Shortbus is the opposite of pornography. It is actually a film about permeability. The three main characters are in search of genuine human interactions. Yes, sex and sexuality are vitally important to them, but it is contextualized in a fuller landscape of human connection and interaction. Impermeability is a dangerous dysfunction. It is the mindset of those who are not open to others, whether they are individually unfeeling or culturally closed. It is solipsism—individually or collectively. Permeability is the willingness to be open to new experiences and new ways of seeing the world. It is not necessary that you live your life as these characters do, it is more of a willingness to not view the new or different as dangerous.
Of course, the film is about sex and, in its unflinching exploration, it will challenge many people.
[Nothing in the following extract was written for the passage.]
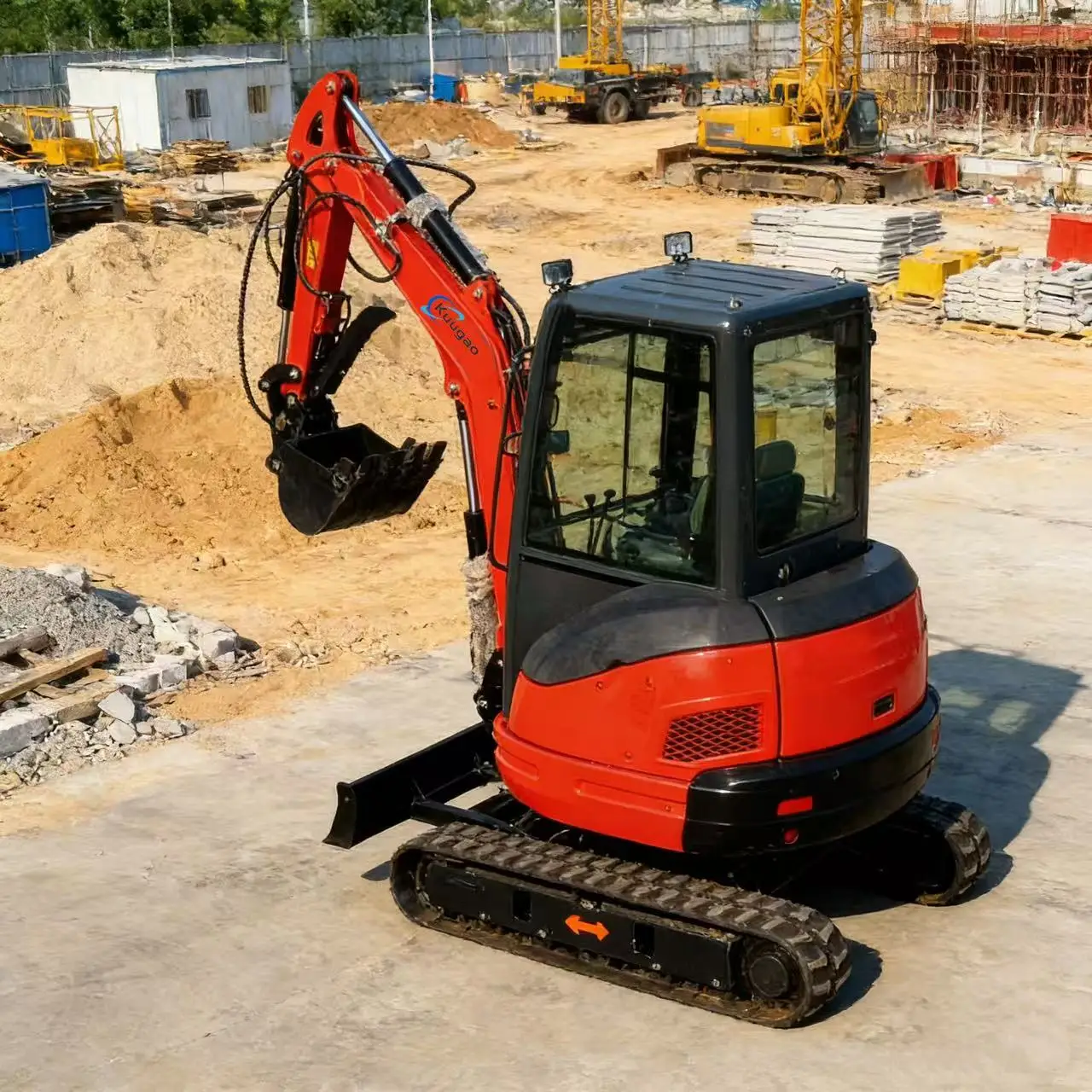 

Мини-экскаватор 1.5 тонны, гидравлический, соответствует стандартам Euro 5 EPA Kubota, настраиваемый микро-экскаватор для домашнего использования, 2.5 тонны, 3 тонны, для горнодобывающей промышленности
I am amazed at people’s willingness to sit through the most brutal acts of violence and destruction, yet they become agitated and disturbed by honest portrayals of sexuality. I have witnessed people walk out during certain parts of Shortbus. I also have had people get angry at me for suggesting the film to them.
For me, it is one of the most powerfully emotional films of the 21st Century. I usually cry during certain parts of the film because I empathize with the struggle of the characters. The power of the film is that it views the answers in the collective community rather in the authority of “experts” or the prescriptions of the pharmaceutical industry. It is a deeply utopian film that calls us to get off on life.